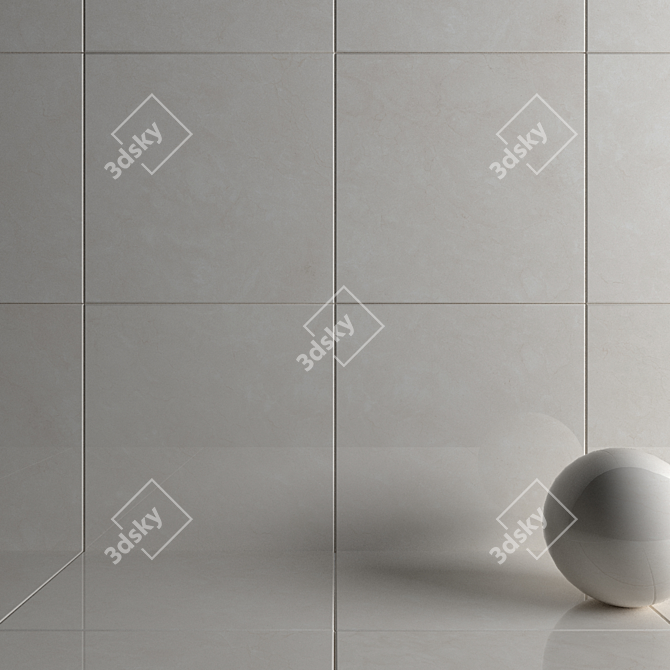 MUSEUM Sunshine: HD Textured Marble Wall Tiles 3D model image 3
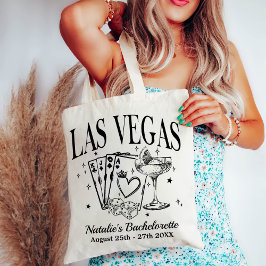 Anpassningsbar Las Vegas Bachelorette Party Person Tygkasse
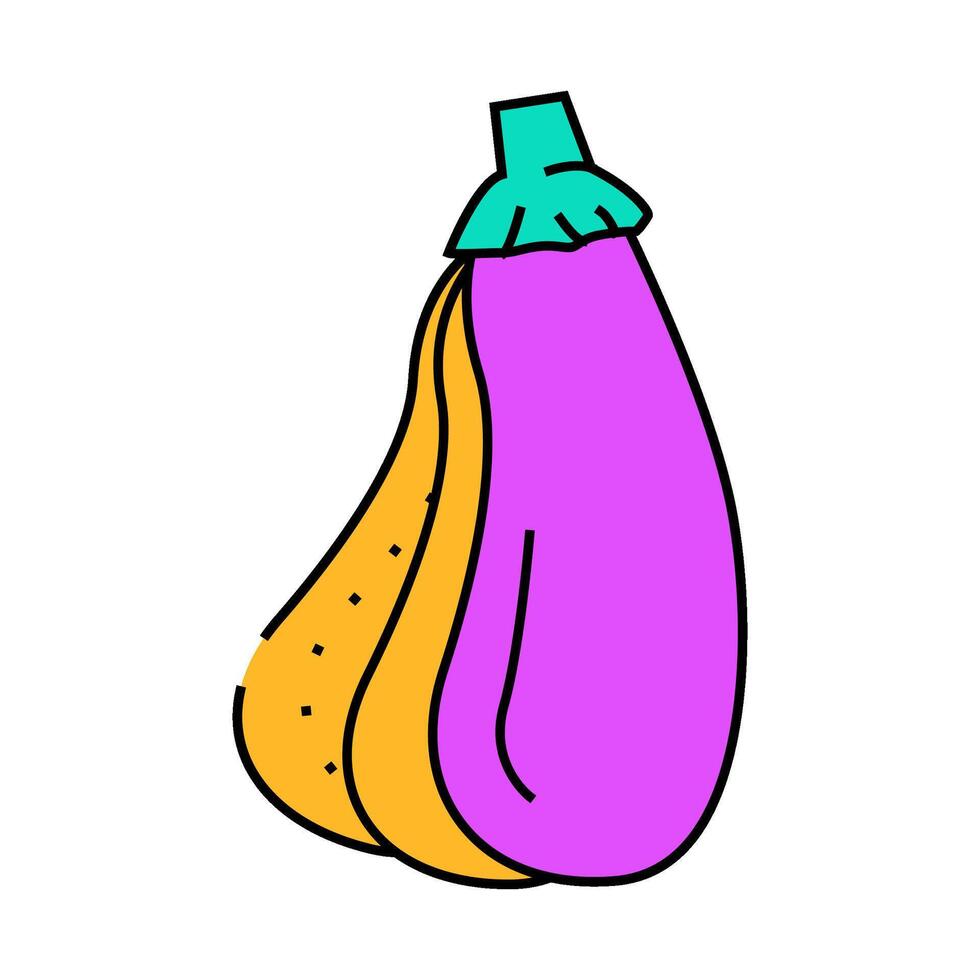 slices eggplant icon color illustration vector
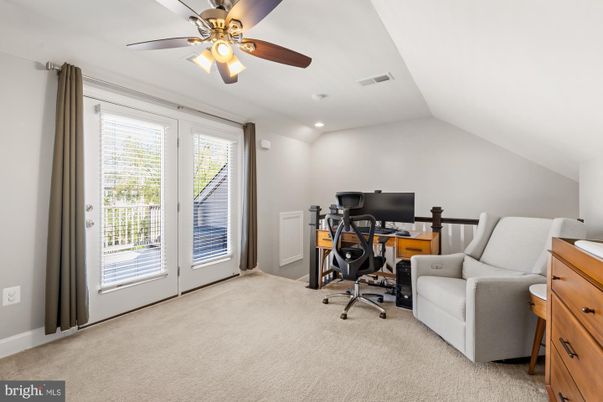 Home Office, Interior, Recessed Lighting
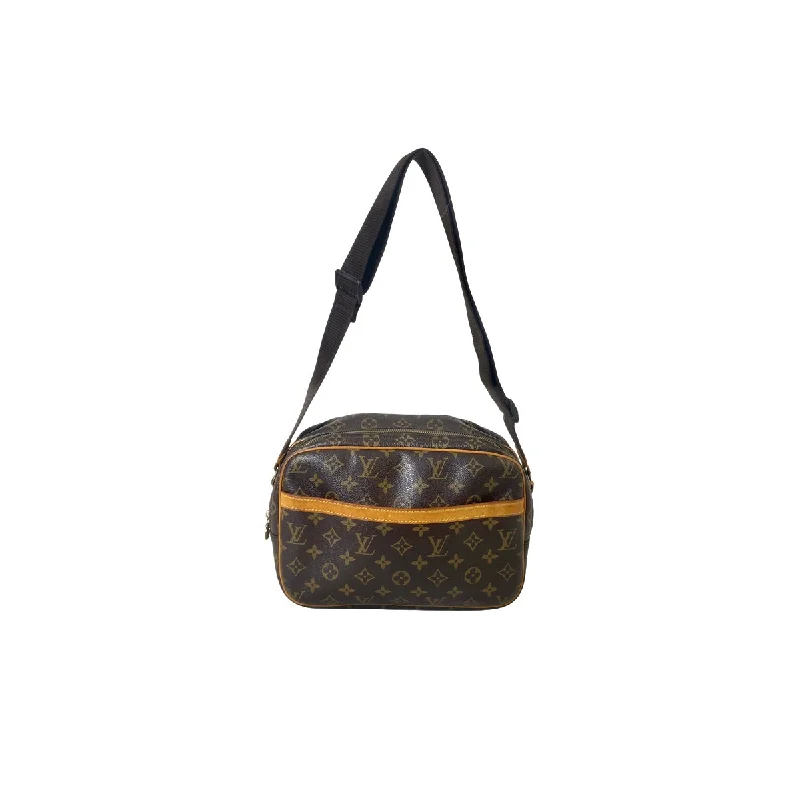 Louis Vuitton bags with a zip - around closure for enhanced securityLouis Vuitton Reporter Monogram Canvas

■ ■ ■ ■ ■

### Required action
Retype exactly the lines above, starting at the line containing "Anpassningsbar Las Vegas" and ending with the last line, both included; leave out the pictures.

### Solution to the problem
 Anpassningsbar Las Vegas Bachelorette Party Person Tygkasse
 slices eggplant icon color illustration vector
 Home Office, Interior, Recessed Lighting
 Louis Vuitton bags with a zip - around closure for enhanced securityLouis Vuitton Reporter Monogram Canvas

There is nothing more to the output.